_ASSIGNMENT:_ The result should be an exact copy of the data, free of pictures.

Records from a data collection
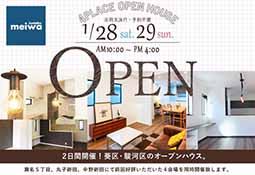 1/28、29OPENHOUSE 4会場同時 開催のお知らせ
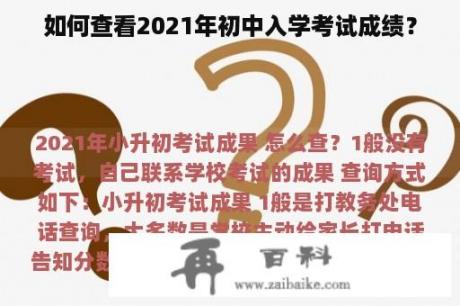 如何查看2021年初中入学考试成绩？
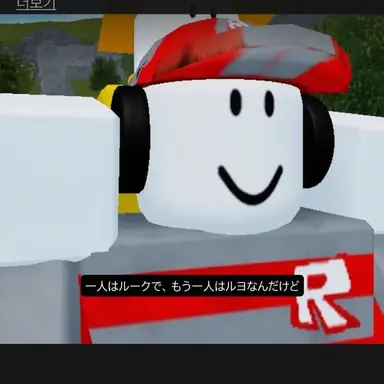Profile image of ルヨ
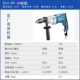 Dongcheng Impact Drilling Home Multi -Chức năng sốc Lự máy khoan bàn mini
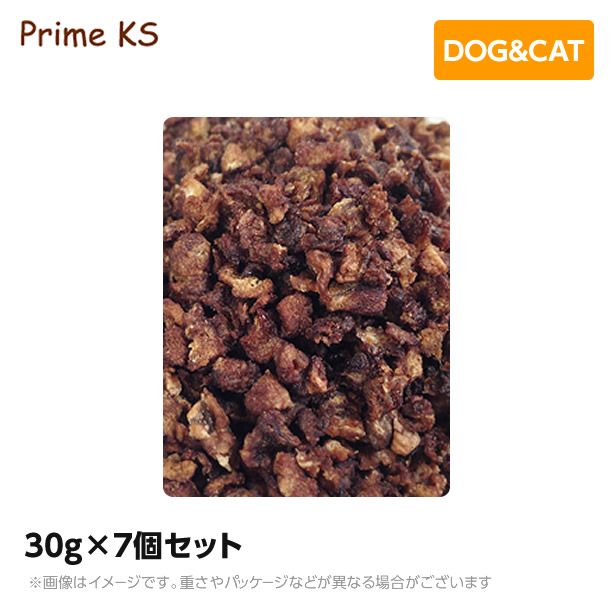 プライムケイズ 手作りごはんの具 牛肉100％ 30g×7個セット 手作り 国産 無添加 トッピング （ペットフード）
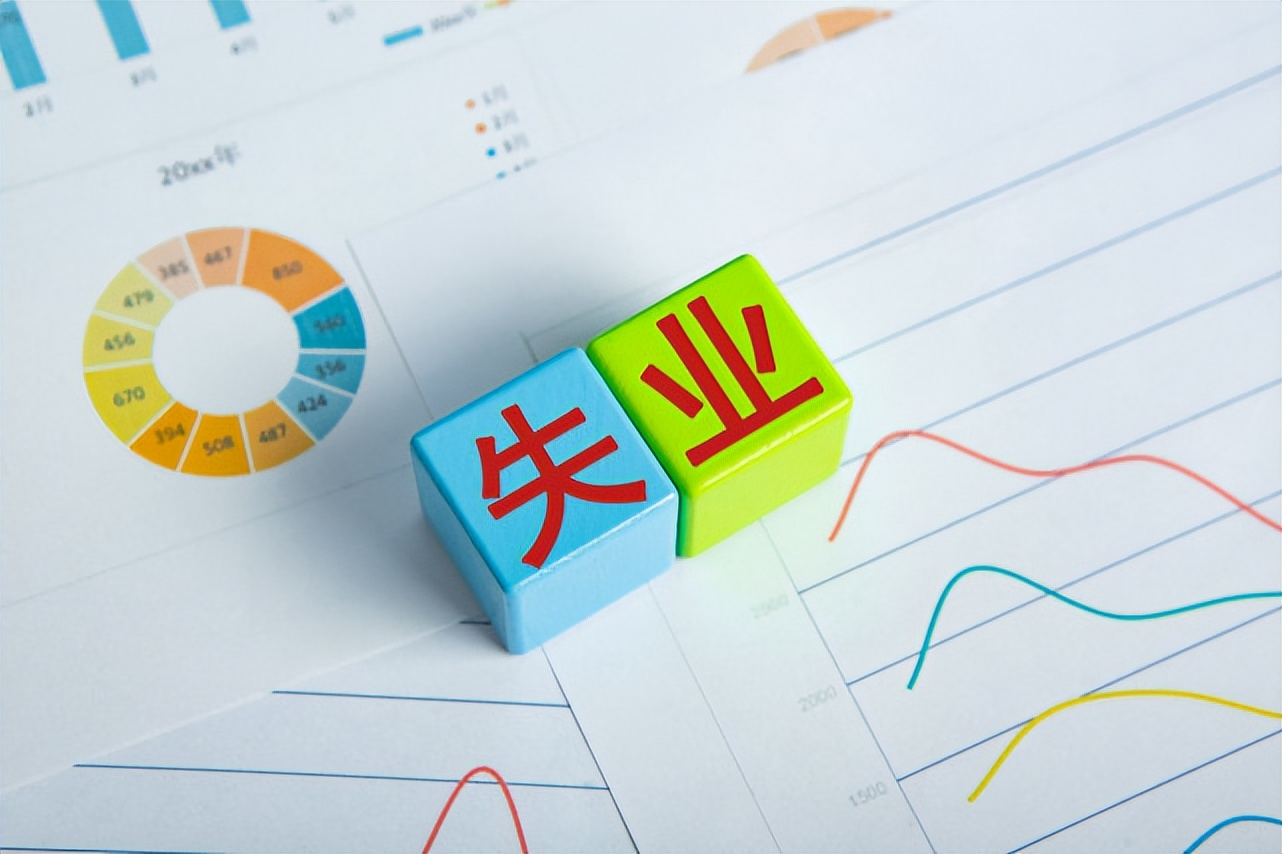 很多人没工作为什么失业率却很低,为什么失业后连找工作勇气都没了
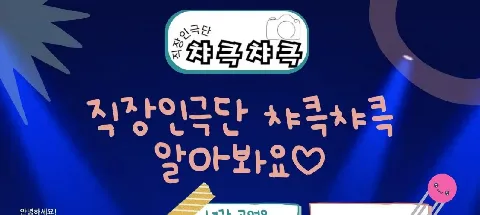 모임 대표 이미지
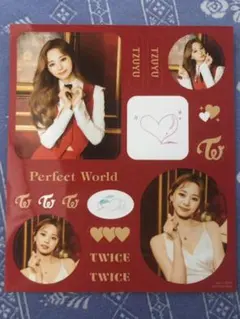TWICE Perfect World ステッカー　ツウィ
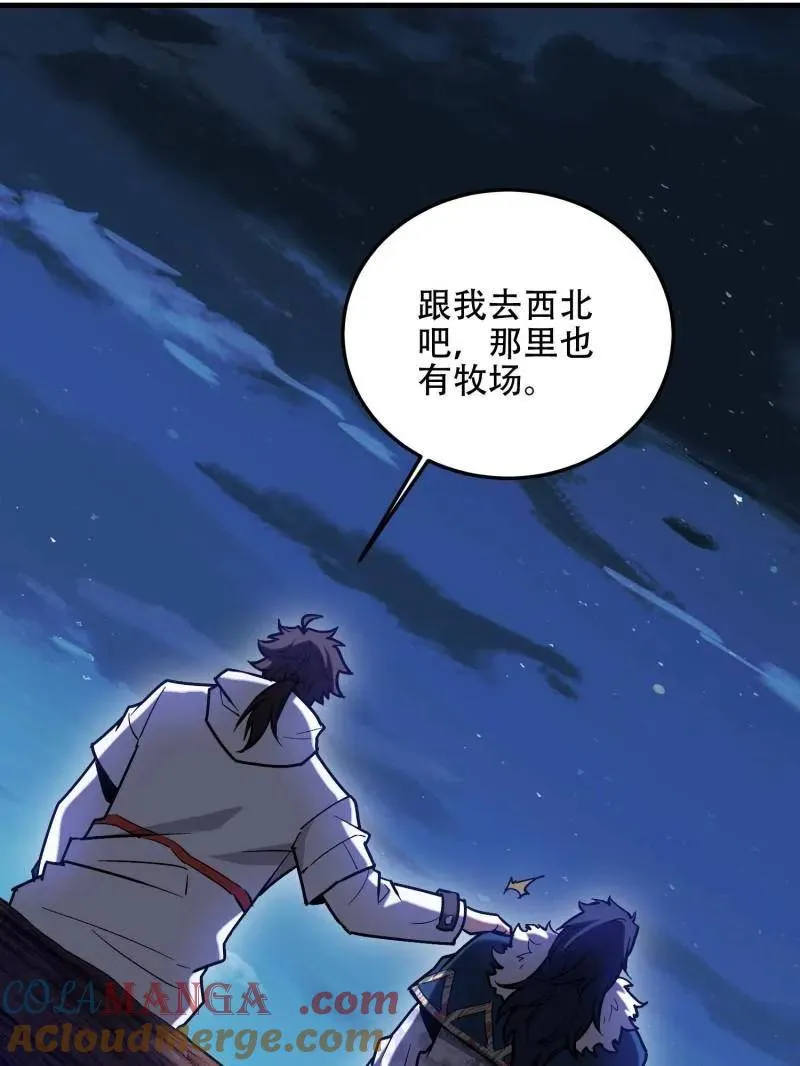 第509话 509 守护重要的人 第81页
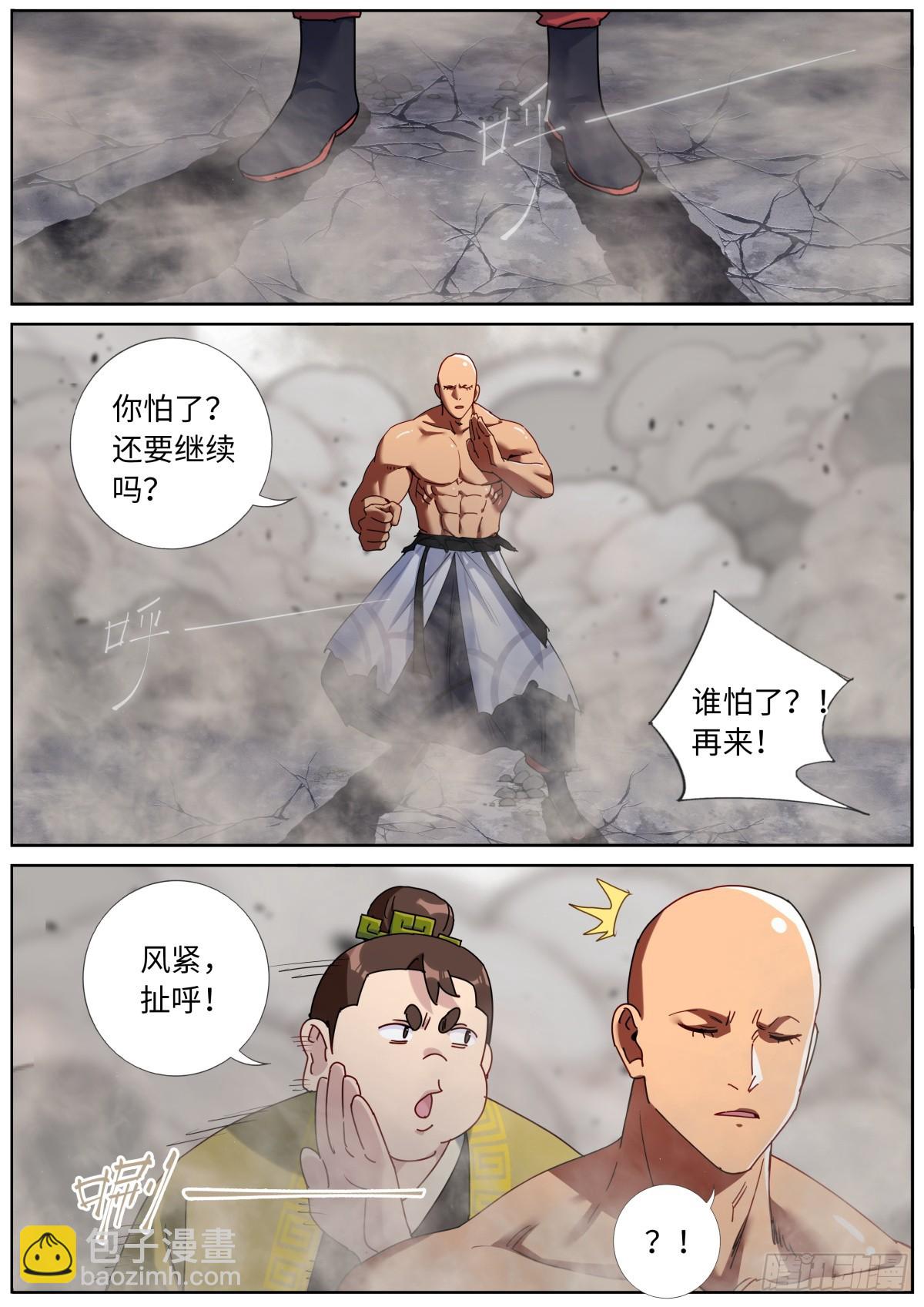 150 主角模板-第154话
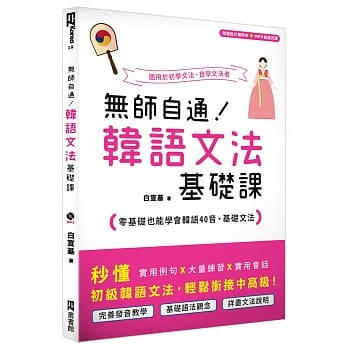 无师自通！韩语文法基础课：零基础也能学会韩语40音、基础文法（附赠遮色片资料夹＋MP3音档光碟） pdf epub mobi 电子书 下载
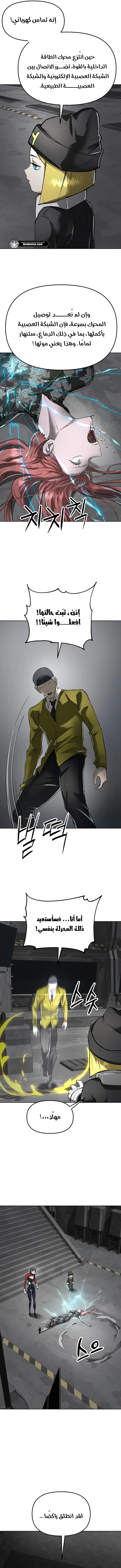 Read Cosmic Heavenly Demon 3077 AR Manga Online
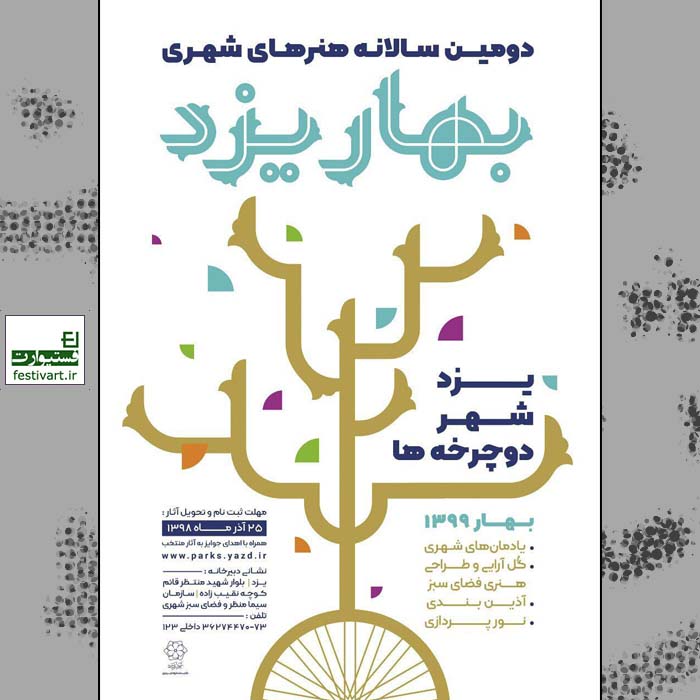 پوستر فراخوان دومین سالانه هنرهای شهری بهار یزد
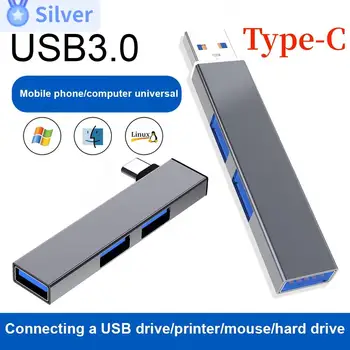 3 Порта USB 3.0 Хъб USB Port Hub Високоскоростен Сплитер type c 5 Gbit/s За КОМПЮТРИ, Компютърни Аксесоари Многопортовый Хъб 3 USB 3.0 2.0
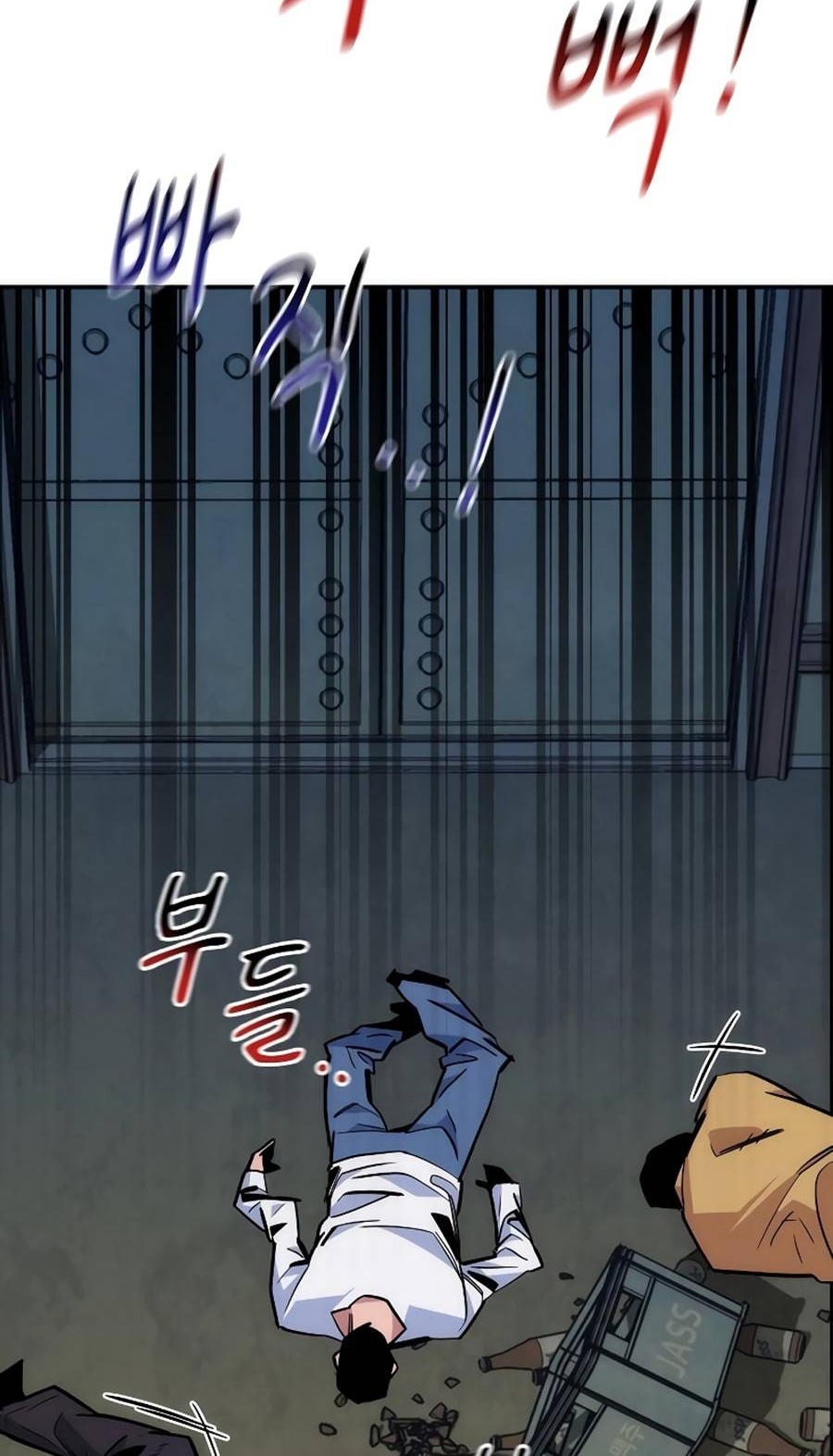 Auto-Hunting With Clones Chapter 43 Gambar 59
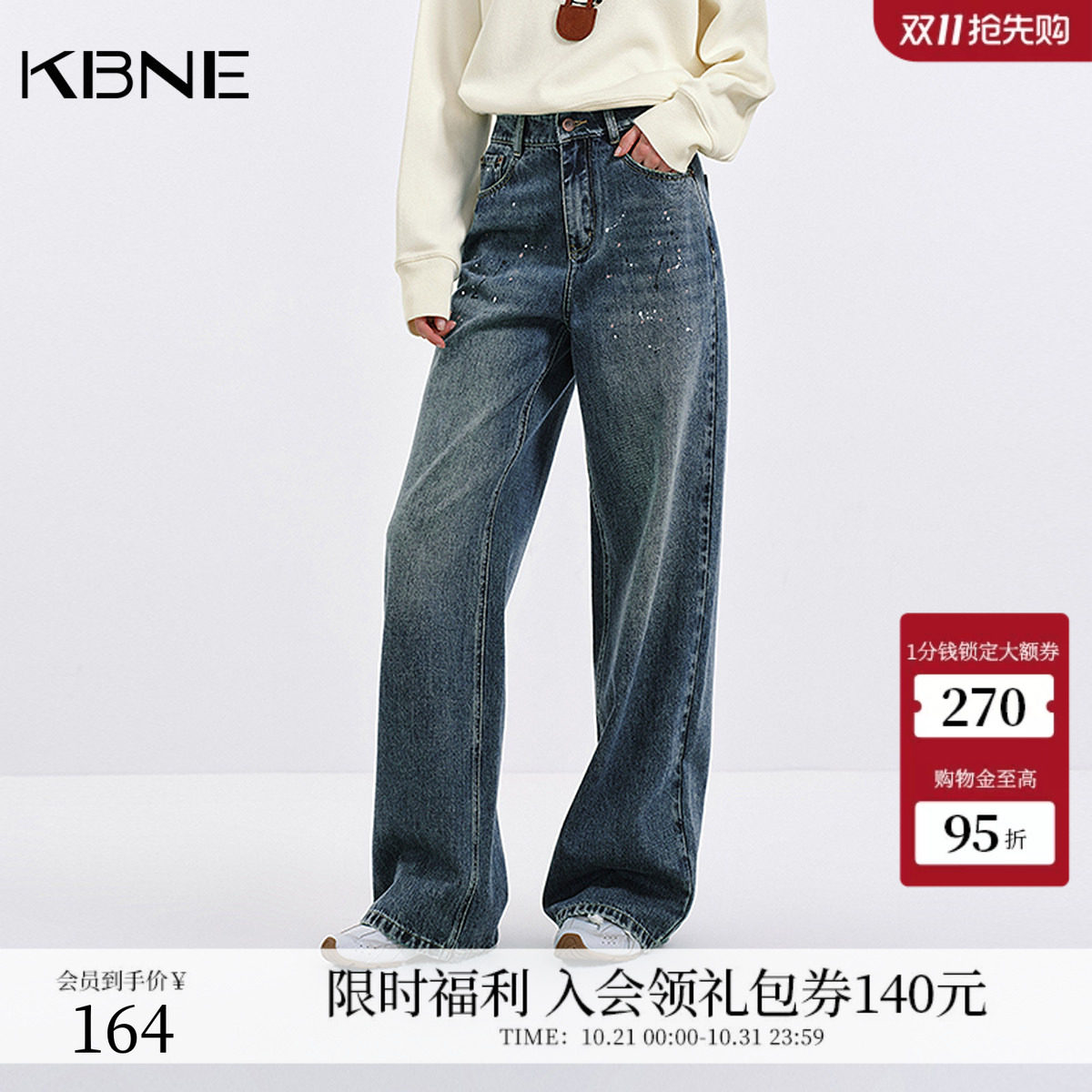 KBNE牛仔裤女宽松设计感2026秋季新款水洗牛仔直简阔腿烫银长裤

_SOLVED EXERCISE:_
 1/28、29OPENHOUSE 4会場同時 開催のお知らせ
 如何查看2021年初中入学考试成绩？
Profile image of ルヨ
 Dongcheng Impact Drilling Home Multi -Chức năng sốc Lự máy khoan bàn mini
 プライムケイズ 手作りごはんの具 牛肉100％ 30g×7個セット 手作り 国産 無添加 トッピング （ペットフード）
 很多人没工作为什么失业率却很低,为什么失业后连找工作勇气都没了
 모임 대표 이미지
TWICE Perfect World ステッカー　ツウィ
 第509话 509 守护重要的人 第81页
 150 主角模板-第154话
 无师自通！韩语文法基础课：零基础也能学会韩语40音、基础文法（附赠遮色片资料夹＋MP3音档光碟） pdf epub mobi 电子书 下载
 Read Cosmic Heavenly Demon 3077 AR Manga Online
 پوستر فراخوان دومین سالانه هنرهای شهری بهار یزد
 3 Порта USB 3.0 Хъб USB Port Hub Високоскоростен Сплитер type c 5 Gbit/s За КОМПЮТРИ, Компютърни Аксесоари Многопортовый Хъб 3 USB 3.0 2.0
 Auto-Hunting With Clones Chapter 43 Gambar 59
 KBNE牛仔裤女宽松设计感2026秋季新款水洗牛仔直简阔腿烫银长裤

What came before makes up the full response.